→ EXERCISE:
Starting at the first line of the records below, transcribe each line exactly, ending with the line that contains "Large Pair of".
::: DATA SHOWN :::
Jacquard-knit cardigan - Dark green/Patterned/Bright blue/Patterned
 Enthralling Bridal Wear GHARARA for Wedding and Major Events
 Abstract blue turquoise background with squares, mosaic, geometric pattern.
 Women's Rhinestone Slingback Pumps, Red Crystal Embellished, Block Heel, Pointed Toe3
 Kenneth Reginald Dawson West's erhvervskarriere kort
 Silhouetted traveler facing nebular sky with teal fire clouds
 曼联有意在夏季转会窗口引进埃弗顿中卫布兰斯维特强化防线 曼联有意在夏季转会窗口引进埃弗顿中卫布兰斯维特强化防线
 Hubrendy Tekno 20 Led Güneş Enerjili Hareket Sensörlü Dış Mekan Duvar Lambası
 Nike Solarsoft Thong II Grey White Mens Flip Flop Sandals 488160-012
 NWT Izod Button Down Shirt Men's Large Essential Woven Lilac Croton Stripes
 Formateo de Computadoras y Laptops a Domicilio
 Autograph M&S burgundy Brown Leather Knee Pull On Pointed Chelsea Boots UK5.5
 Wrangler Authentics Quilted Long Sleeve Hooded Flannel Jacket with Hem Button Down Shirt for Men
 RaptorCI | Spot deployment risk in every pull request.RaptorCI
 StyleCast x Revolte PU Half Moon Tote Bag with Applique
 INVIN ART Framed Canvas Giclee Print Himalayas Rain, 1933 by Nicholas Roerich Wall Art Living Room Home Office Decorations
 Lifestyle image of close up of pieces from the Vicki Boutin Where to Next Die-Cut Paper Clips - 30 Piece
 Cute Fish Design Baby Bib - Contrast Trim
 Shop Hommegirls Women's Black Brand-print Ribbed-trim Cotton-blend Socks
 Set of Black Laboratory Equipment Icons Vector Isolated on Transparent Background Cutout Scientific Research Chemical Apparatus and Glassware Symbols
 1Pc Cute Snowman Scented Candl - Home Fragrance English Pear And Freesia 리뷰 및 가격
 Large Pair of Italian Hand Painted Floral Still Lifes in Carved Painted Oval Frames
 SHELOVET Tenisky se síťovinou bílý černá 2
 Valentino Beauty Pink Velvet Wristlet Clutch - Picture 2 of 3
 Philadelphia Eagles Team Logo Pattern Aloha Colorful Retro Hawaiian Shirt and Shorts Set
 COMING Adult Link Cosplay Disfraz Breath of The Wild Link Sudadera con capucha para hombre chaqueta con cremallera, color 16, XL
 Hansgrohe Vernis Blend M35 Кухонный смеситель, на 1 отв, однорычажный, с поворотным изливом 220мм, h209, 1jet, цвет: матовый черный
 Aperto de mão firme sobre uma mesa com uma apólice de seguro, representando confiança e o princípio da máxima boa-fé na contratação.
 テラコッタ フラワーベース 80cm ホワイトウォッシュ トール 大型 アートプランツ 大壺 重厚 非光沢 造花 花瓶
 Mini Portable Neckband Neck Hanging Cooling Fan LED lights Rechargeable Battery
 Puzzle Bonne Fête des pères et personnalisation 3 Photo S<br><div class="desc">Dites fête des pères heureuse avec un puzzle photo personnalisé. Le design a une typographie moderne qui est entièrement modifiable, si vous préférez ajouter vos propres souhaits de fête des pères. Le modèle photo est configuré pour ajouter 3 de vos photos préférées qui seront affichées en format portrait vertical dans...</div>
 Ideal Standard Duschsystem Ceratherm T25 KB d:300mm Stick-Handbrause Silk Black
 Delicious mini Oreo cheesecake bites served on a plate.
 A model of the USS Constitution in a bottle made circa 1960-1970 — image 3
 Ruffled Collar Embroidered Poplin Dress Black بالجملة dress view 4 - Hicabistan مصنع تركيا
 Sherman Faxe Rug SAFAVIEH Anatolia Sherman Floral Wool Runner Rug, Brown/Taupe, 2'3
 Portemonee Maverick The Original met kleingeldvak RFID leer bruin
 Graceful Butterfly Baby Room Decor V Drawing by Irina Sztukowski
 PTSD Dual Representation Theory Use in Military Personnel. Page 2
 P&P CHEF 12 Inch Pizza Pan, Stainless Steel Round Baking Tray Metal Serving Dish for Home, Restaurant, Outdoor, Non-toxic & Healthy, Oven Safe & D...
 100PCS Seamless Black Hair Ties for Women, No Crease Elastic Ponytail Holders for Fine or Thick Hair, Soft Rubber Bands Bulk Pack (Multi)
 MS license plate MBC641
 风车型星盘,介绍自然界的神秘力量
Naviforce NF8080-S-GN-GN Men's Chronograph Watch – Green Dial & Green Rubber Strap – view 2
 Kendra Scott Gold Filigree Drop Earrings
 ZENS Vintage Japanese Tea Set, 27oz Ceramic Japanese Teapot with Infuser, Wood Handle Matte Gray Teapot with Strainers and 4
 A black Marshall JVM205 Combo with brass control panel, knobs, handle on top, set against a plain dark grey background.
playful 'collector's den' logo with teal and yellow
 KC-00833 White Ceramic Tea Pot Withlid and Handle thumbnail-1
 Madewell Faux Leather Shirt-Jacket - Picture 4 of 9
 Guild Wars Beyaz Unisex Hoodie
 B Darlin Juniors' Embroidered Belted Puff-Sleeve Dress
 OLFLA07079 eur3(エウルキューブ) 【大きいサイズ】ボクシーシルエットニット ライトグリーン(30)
:::
→ TASK OUTPUT:
Jacquard-knit cardigan - Dark green/Patterned/Bright blue/Patterned
 Enthralling Bridal Wear GHARARA for Wedding and Major Events
 Abstract blue turquoise background with squares, mosaic, geometric pattern.
 Women's Rhinestone Slingback Pumps, Red Crystal Embellished, Block Heel, Pointed Toe3
 Kenneth Reginald Dawson West's erhvervskarriere kort
 Silhouetted traveler facing nebular sky with teal fire clouds
 曼联有意在夏季转会窗口引进埃弗顿中卫布兰斯维特强化防线 曼联有意在夏季转会窗口引进埃弗顿中卫布兰斯维特强化防线
 Hubrendy Tekno 20 Led Güneş Enerjili Hareket Sensörlü Dış Mekan Duvar Lambası
 Nike Solarsoft Thong II Grey White Mens Flip Flop Sandals 488160-012
 NWT Izod Button Down Shirt Men's Large Essential Woven Lilac Croton Stripes
 Formateo de Computadoras y Laptops a Domicilio
 Autograph M&S burgundy Brown Leather Knee Pull On Pointed Chelsea Boots UK5.5
 Wrangler Authentics Quilted Long Sleeve Hooded Flannel Jacket with Hem Button Down Shirt for Men
 RaptorCI | Spot deployment risk in every pull request.RaptorCI
 StyleCast x Revolte PU Half Moon Tote Bag with Applique
 INVIN ART Framed Canvas Giclee Print Himalayas Rain, 1933 by Nicholas Roerich Wall Art Living Room Home Office Decorations
 Lifestyle image of close up of pieces from the Vicki Boutin Where to Next Die-Cut Paper Clips - 30 Piece
 Cute Fish Design Baby Bib - Contrast Trim
 Shop Hommegirls Women's Black Brand-print Ribbed-trim Cotton-blend Socks
 Set of Black Laboratory Equipment Icons Vector Isolated on Transparent Background Cutout Scientific Research Chemical Apparatus and Glassware Symbols
 1Pc Cute Snowman Scented Candl - Home Fragrance English Pear And Freesia 리뷰 및 가격
 Large Pair of Italian Hand Painted Floral Still Lifes in Carved Painted Oval Frames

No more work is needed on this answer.